*** Begin section ***

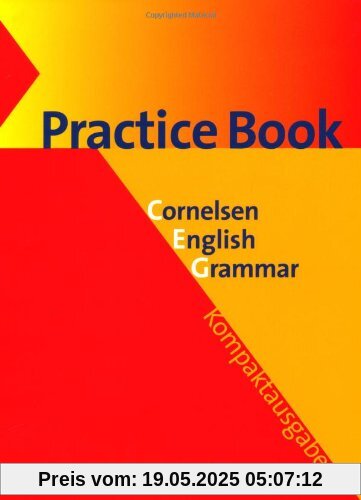 Practice Book English Grammar Practice Book English Grammar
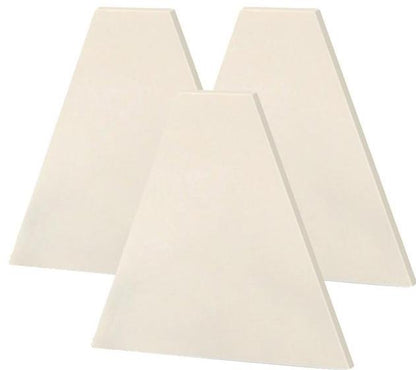 Frendorf | Auto-Lufterfrischer Sonnenblende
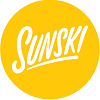 Sunski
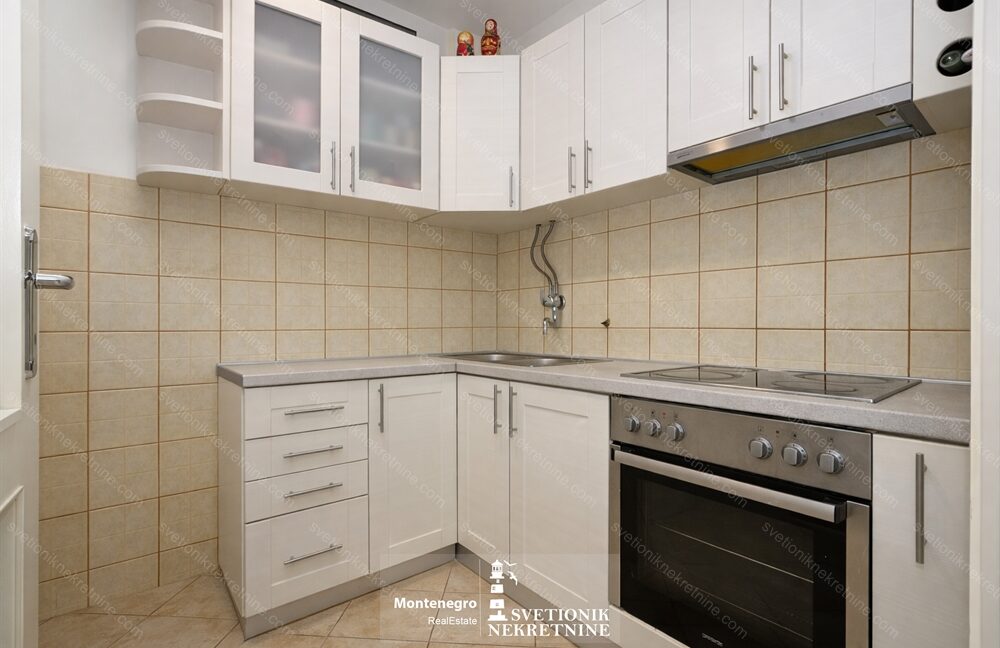 svetionik nekretnine 1625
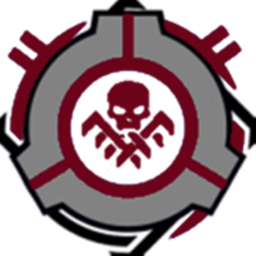 RRT Training Site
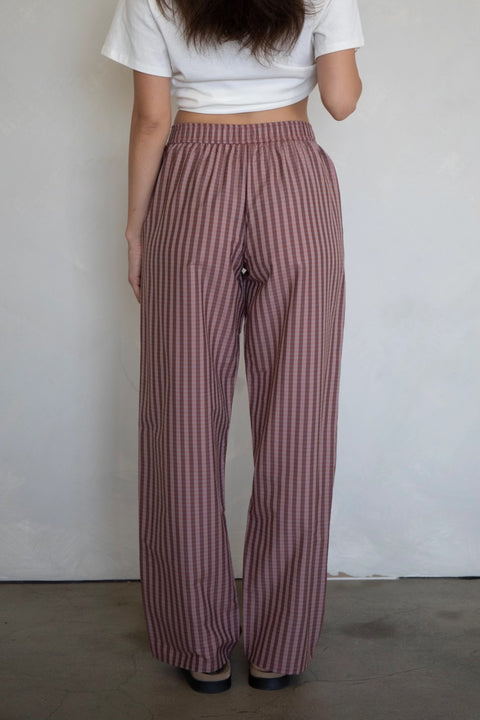 Celine Pajama Pants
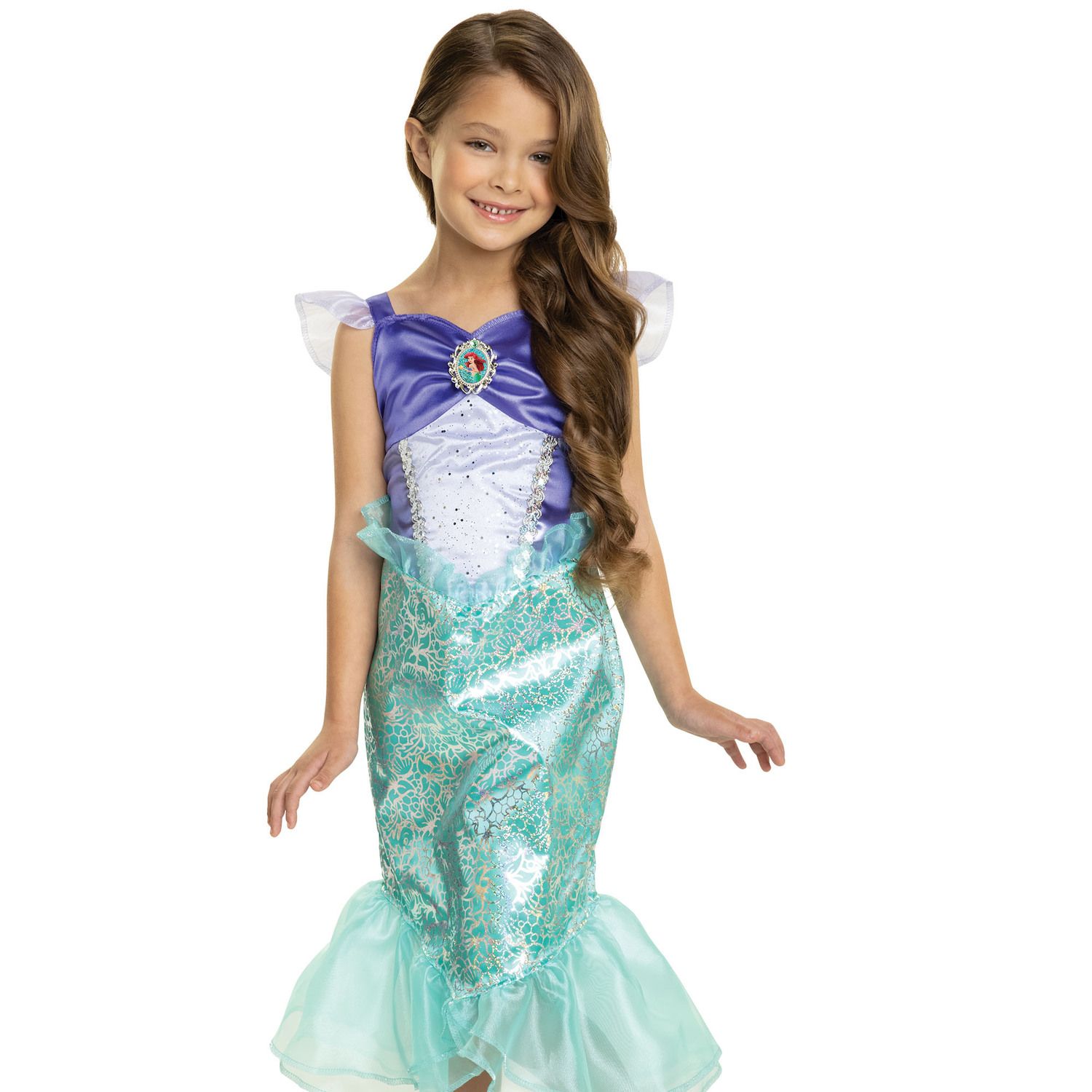 kohls mermaid dress Business Elegant Dresses For Women Sweetheart Neck Short Sleeve Mermaid  Midi Dress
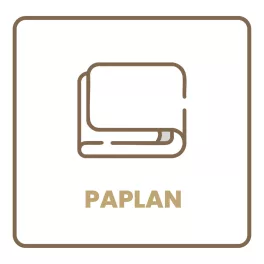 Paplan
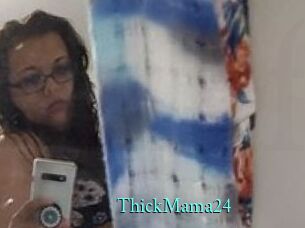 ThickMama24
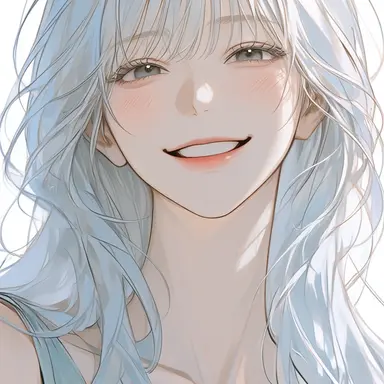 Profile image of 혜원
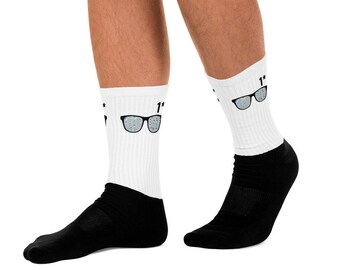 Gifts for Him Sri Lanka Socks Sri Lanka Cricket Socks Sri Lanka Lions Socks Dad Gift Cricket Gift Cricket Fan Socks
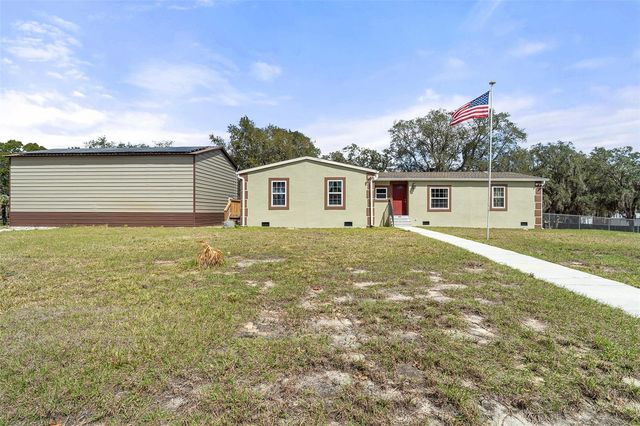 304 BUCK TRAIL, Davenport, FL 33837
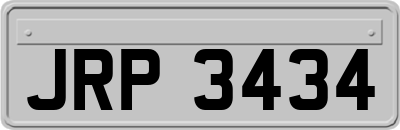 JRP3434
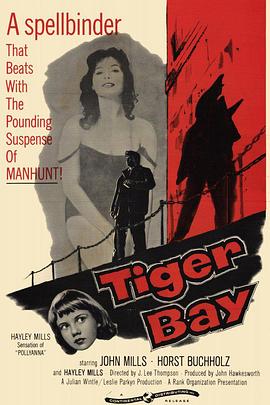 �ͻ��� Tiger Bay�������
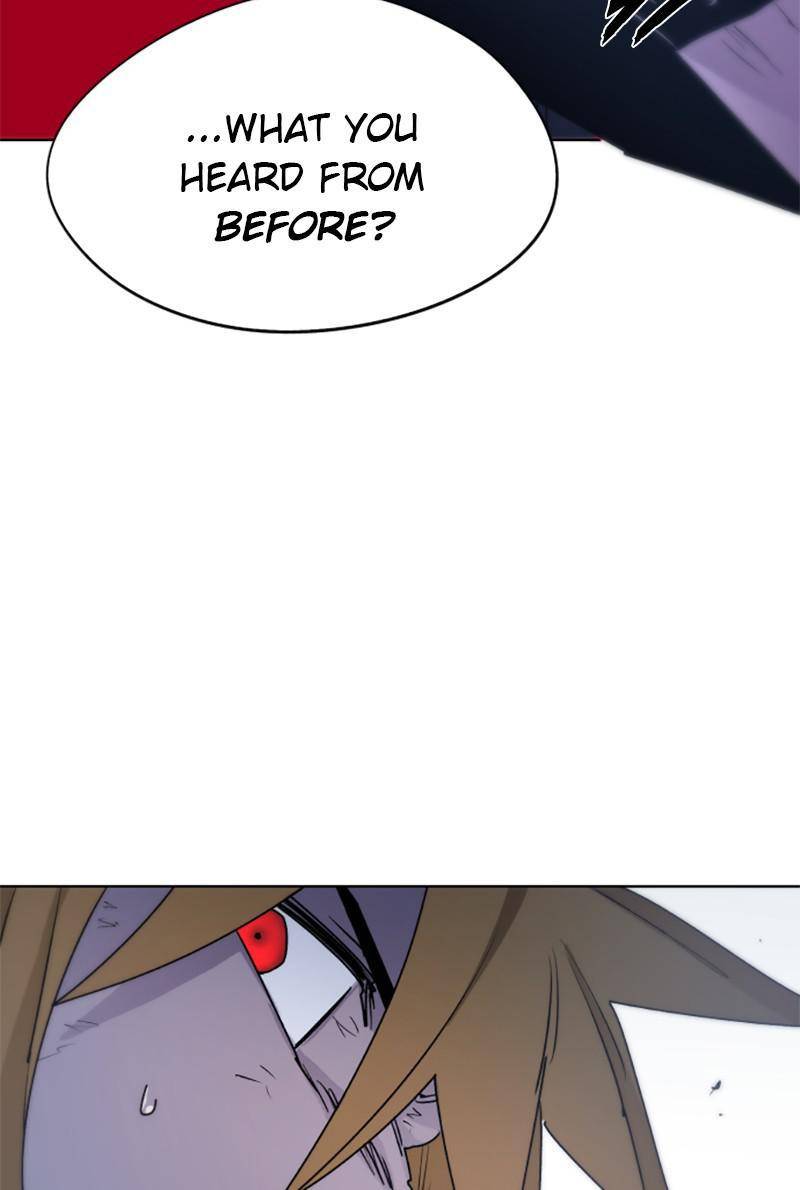 The Knight of Embers chapter 12 page 38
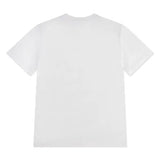 JordanBoys MJ PSG Pracice T-shirt In White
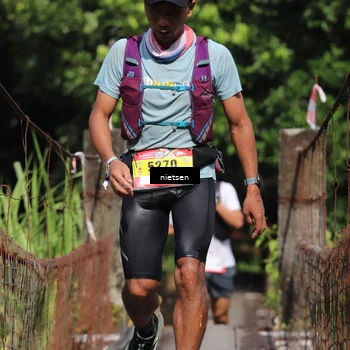 Runner Photo 5233277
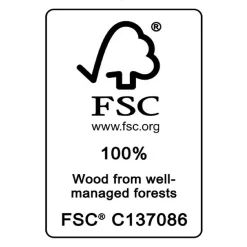 None Hungate 3 Seater Garden Bench 5 None Hungate 3 Seater Garden Bench -Garden Tool Store 13033454 2034922591565831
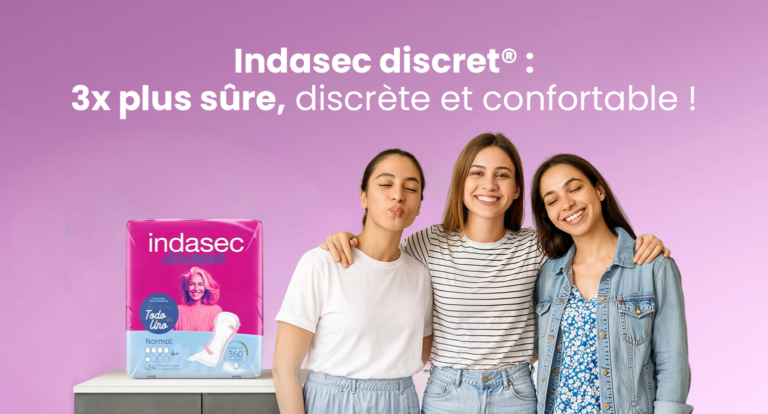 Incontinence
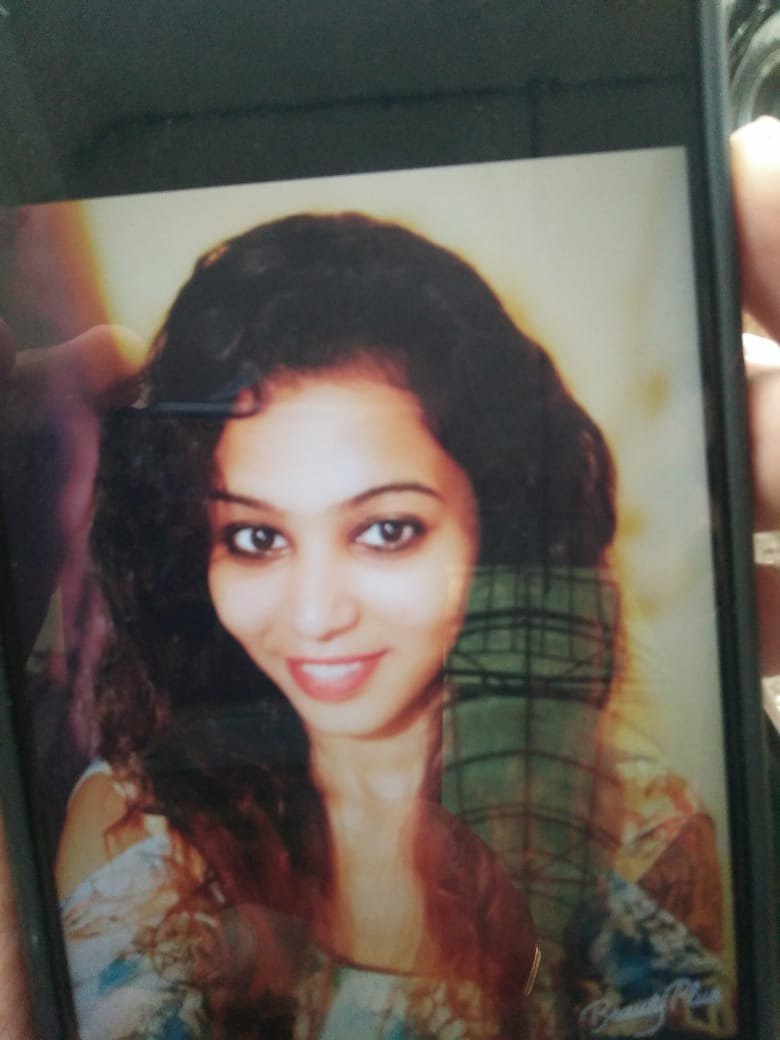 कल्याण के एपीएमसी मार्केट में दिनदहाड़े लड़की की हत्या से सनसनी | New India Times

*** End section ***

Reproduce the opening lines of the material above exactly, ending with the line that contains "Celine Pajama Pants". Omit every picture.

> _Output of the exercise_:
 Practice Book English Grammar Practice Book English Grammar
 Frendorf | Auto-Lufterfrischer Sonnenblende
 Sunski
 svetionik nekretnine 1625
 RRT Training Site
 Celine Pajama Pants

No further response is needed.